▸ **TASK INSTRUCTIONS**
Print only the lines below from the one with "a man wearing" to the one with "Blond hair blue", both included, exactly as they stand. Leave pictures out.

Saved entries
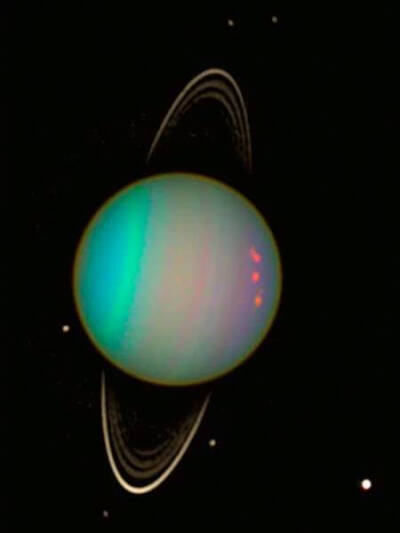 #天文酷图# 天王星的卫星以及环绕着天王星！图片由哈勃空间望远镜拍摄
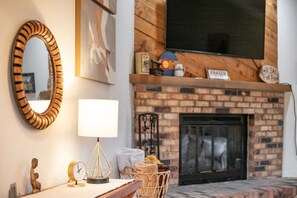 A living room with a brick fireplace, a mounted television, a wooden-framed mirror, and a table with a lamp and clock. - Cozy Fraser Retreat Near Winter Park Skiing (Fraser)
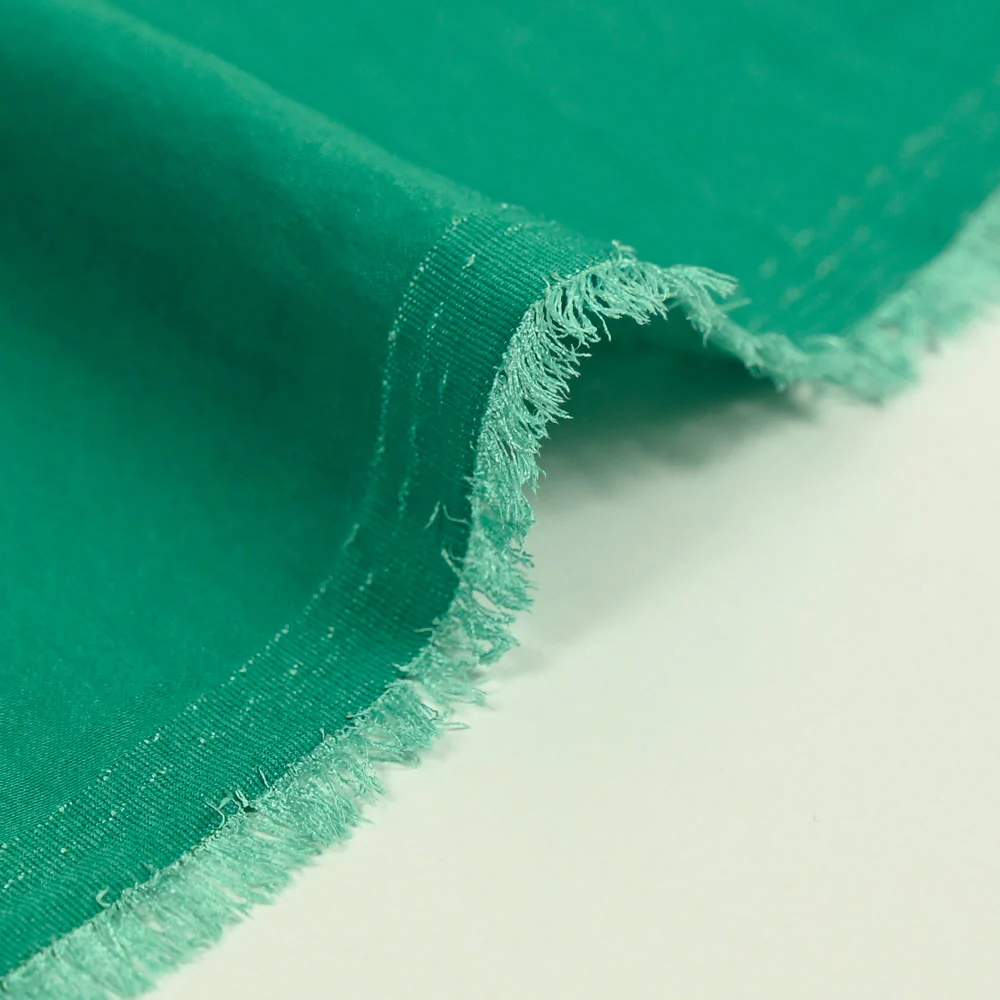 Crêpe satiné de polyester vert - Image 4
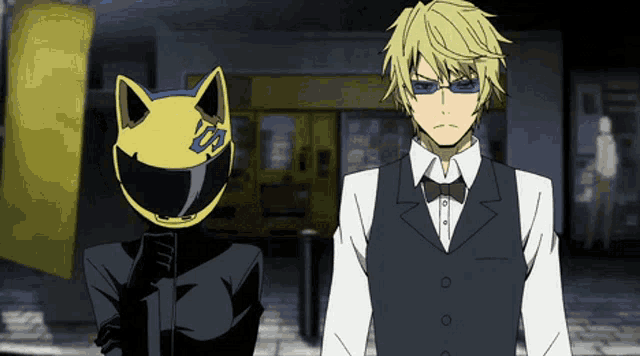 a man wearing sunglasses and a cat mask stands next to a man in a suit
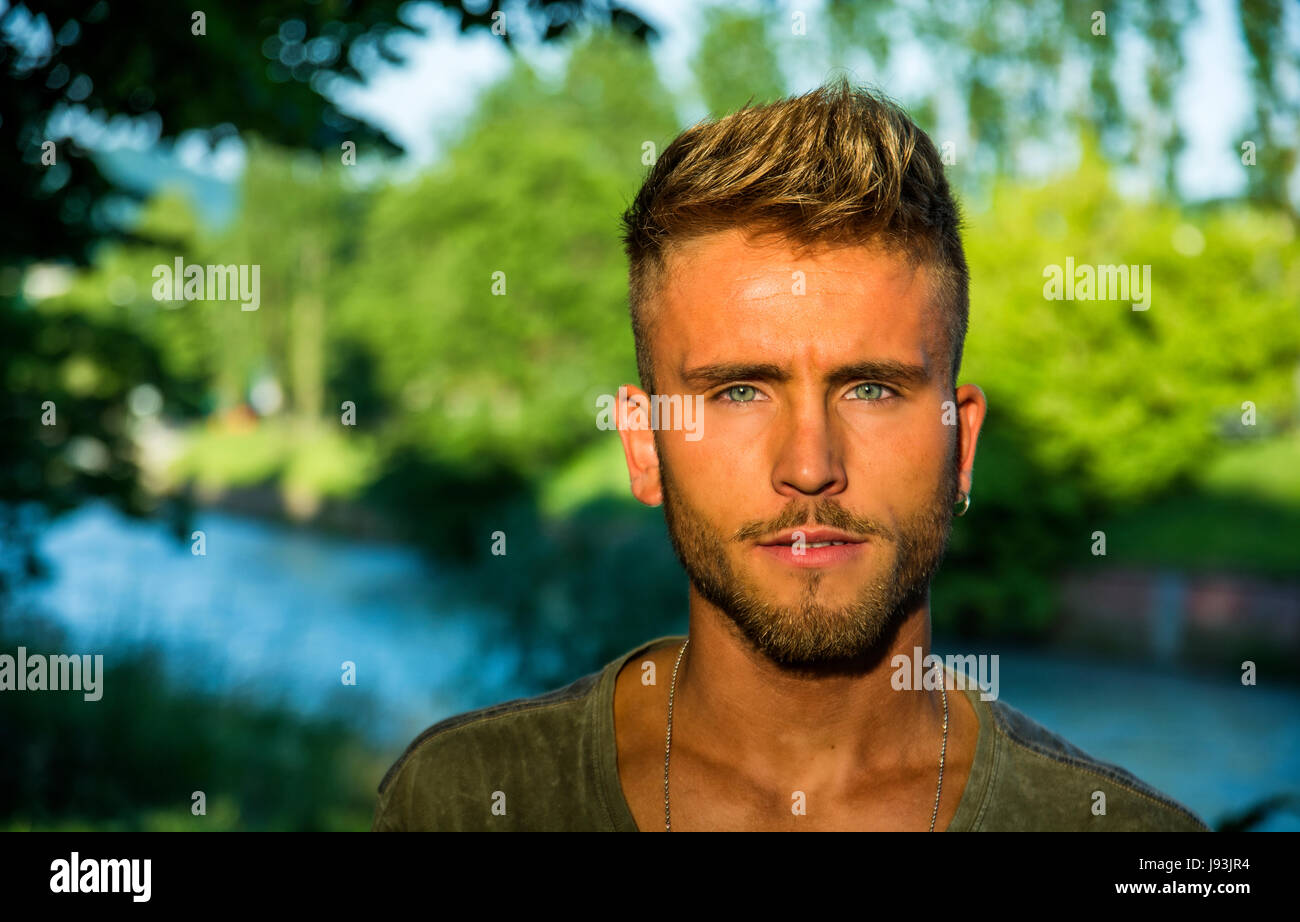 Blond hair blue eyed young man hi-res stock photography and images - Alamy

* * *

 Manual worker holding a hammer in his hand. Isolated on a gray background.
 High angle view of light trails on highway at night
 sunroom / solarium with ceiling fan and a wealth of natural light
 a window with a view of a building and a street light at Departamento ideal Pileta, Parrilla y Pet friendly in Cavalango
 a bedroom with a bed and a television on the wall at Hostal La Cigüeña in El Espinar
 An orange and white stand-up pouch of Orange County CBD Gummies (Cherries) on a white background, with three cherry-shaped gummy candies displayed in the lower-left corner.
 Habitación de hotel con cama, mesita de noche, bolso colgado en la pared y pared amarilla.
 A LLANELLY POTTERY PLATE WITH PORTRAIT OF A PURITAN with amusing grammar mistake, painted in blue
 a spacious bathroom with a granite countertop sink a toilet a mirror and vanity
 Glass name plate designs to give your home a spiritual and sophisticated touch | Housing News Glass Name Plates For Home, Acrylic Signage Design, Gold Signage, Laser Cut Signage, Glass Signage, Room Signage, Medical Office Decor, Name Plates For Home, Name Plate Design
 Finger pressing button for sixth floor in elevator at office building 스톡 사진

▸ **EXERCISE ANSWER**
 a man wearing sunglasses and a cat mask stands next to a man in a suit
 Blond hair blue eyed young man hi-res stock photography and images - Alamy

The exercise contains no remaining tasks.